On a whim, she began working part-time at a flower shop run by Lady Julia Hodgkin (wife of British painter Howard Hodgkin) which was well located within design/restaurant guru Terence Conran’s retail spaces.

Ms. Jefares admits she was a quick study, learning all botanical aspects as she went along. “I still find all that so fascinating, even after 15 years,” she says.

Once she decided to go solo, Ms. Jefares was determined to set up a similar shop within a shop arrangement back in Toronto, thereby gaining better visibility among a wider range of clients.

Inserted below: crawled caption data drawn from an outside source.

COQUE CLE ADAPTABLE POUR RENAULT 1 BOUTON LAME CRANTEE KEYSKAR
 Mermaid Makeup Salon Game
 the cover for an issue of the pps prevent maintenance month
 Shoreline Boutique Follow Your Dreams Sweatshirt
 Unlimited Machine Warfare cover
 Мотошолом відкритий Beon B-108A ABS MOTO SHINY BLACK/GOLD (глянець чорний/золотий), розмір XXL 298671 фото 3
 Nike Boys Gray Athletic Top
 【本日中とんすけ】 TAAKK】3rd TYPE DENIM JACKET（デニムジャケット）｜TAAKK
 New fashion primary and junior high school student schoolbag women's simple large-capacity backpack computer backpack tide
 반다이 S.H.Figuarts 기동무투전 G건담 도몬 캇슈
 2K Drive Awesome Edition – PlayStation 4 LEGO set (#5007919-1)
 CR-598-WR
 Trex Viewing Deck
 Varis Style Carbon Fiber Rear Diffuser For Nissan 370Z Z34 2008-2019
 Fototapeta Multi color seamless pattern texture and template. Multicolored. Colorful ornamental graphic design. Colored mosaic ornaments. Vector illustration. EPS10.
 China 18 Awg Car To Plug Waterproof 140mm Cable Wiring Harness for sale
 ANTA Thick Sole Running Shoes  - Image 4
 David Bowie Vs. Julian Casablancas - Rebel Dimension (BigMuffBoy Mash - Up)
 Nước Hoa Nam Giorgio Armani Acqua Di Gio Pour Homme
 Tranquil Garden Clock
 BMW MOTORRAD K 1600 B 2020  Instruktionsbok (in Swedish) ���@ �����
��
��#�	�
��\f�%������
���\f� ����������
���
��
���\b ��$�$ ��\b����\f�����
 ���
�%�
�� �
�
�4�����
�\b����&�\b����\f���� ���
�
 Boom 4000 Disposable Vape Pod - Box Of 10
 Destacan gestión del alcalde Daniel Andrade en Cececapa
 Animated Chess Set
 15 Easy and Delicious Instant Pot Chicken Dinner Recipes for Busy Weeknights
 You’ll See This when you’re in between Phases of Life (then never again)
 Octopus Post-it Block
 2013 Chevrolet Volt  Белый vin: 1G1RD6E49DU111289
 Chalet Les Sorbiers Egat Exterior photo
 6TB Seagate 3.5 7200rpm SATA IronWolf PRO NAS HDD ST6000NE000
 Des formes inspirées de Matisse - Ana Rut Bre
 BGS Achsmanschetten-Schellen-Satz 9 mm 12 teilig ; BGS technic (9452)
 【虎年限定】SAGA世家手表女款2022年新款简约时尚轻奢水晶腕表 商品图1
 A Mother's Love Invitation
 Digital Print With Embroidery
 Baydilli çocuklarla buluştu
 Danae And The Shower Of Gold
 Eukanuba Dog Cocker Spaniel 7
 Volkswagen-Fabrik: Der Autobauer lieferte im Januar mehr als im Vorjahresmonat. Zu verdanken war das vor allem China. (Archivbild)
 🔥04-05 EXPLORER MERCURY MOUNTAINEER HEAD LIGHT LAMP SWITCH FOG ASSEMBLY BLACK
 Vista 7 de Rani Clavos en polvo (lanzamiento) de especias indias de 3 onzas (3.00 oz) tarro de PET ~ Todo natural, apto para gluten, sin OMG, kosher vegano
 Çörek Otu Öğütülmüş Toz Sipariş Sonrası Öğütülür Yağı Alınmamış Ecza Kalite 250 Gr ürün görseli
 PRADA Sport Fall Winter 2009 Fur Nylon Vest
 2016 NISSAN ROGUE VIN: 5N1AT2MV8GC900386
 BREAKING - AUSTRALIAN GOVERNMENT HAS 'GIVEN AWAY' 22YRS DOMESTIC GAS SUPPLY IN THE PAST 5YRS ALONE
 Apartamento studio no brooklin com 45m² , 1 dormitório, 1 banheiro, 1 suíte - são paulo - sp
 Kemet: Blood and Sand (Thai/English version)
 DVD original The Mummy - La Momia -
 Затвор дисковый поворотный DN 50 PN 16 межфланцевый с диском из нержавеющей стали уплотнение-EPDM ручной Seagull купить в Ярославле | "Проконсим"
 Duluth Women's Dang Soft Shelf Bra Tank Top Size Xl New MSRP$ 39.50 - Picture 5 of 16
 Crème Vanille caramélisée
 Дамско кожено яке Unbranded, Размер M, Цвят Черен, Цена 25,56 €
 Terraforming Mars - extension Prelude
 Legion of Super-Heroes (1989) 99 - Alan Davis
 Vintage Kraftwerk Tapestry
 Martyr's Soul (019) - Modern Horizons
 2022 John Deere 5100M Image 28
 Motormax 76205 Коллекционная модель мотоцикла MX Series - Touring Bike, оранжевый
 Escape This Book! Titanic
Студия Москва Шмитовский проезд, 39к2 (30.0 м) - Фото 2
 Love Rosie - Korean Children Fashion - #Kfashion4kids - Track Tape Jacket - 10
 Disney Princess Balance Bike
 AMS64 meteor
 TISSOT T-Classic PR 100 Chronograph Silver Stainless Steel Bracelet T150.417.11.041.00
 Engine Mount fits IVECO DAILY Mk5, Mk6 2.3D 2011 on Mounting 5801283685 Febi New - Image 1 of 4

She set up Quince Flowers in UpCountry, the furniture retailer known for its updated vintage style. In 2008, she moved into a light  filled location on Queen Street East in the city’s burgeoning Riverdale neighbourhood. This is where most of the assembling from striking, stunning wedding centerpieces to simpler, verdant bouquets takes place.

She counts restauranteur Mark McEwan as one of her longest clients. So when he opened his namesake specialty food store at the Shops at Don Mills, Quince was invited to create a small concession, aptly named Flowerbar. Ms. Jefares has two staff working out of that space and four at the main location.

Today, one quarter of her revenue comes from standing orders and she remains a go to source for magazine editorial shoots.

While the recession marked a less bountiful period (“The first thing people cut were flowers,” she says, matter-of-factly), Ms. Jefares now feels optimistic. She has many exciting initiatives on the go, including a partnership with the Women of Baycrest Hospital called Blooms for Baycrest, a subscription bouquet service that helps fund women’s brain health. Quince Flowers has also sponsored the Canadian Opera Company from last year through 2012, providing all inhouse arrangements and opening night bouquets.

Ms. Jefares, who has two children under ten years old, cryptically says she’s planning to redefine how we buy flowers over the coming years. Whatever this means, it’s clear her business continues to blossom.

Amy Verner attended BSS from Junior Kindergarten through Grade 9 and remembers liking art class much more than English. She has been a lifestyle writer for the past eight years.